Brief: Your copy should repeat the data that follows exactly and contain no image.

== The data

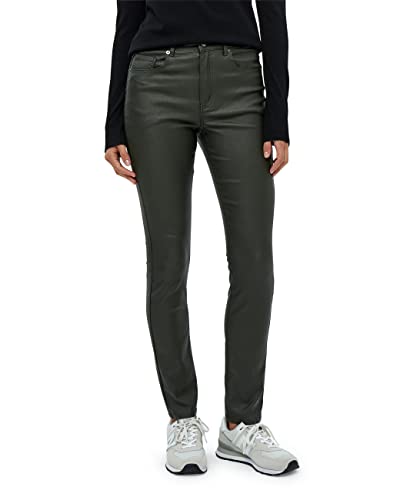 Peppercorn Sibbir Mid Waisted Slim Coated Hosen | Hosen Damen In Grün | Frühling Hose | Größe 38 von Peppercorn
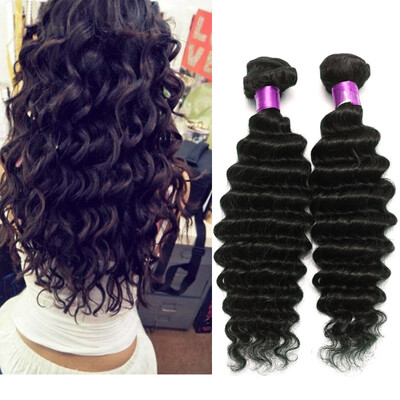 8A Brazilian Deep Wave Virgin Human Hair Extensions Natural Black 8-26 Inches 4Bundles Brazilian Virgin Hair Deep Wave Hair Wefts
8A Brazilian Deep Wave Virgin Human Hair Extensions Natural Black 8-26 Inches 4Bundles Brazilian Virgin Hair Deep Wave Hair Wefts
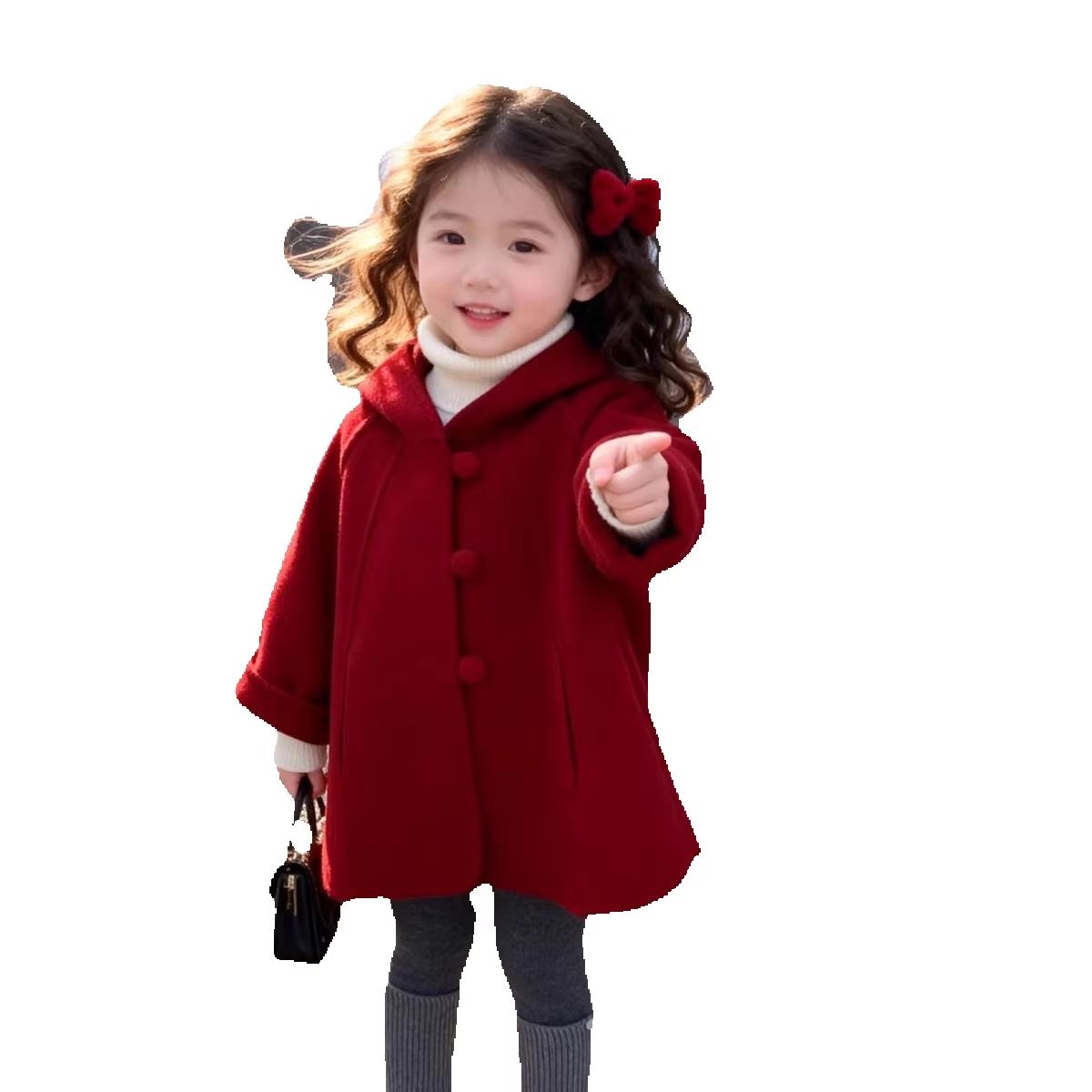 Meisjes wollen jas herfst wint - Winter Clothing Toddler Girl recensie en prijs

====

Reply to the exercise:
 Peppercorn Sibbir Mid Waisted Slim Coated Hosen | Hosen Damen In Grün | Frühling Hose | Größe 38 von Peppercorn
 8A Brazilian Deep Wave Virgin Human Hair Extensions Natural Black 8-26 Inches 4Bundles Brazilian Virgin Hair Deep Wave Hair Wefts
8A Brazilian Deep Wave Virgin Human Hair Extensions Natural Black 8-26 Inches 4Bundles Brazilian Virgin Hair Deep Wave Hair Wefts
 Meisjes wollen jas herfst wint - Winter Clothing Toddler Girl recensie en prijs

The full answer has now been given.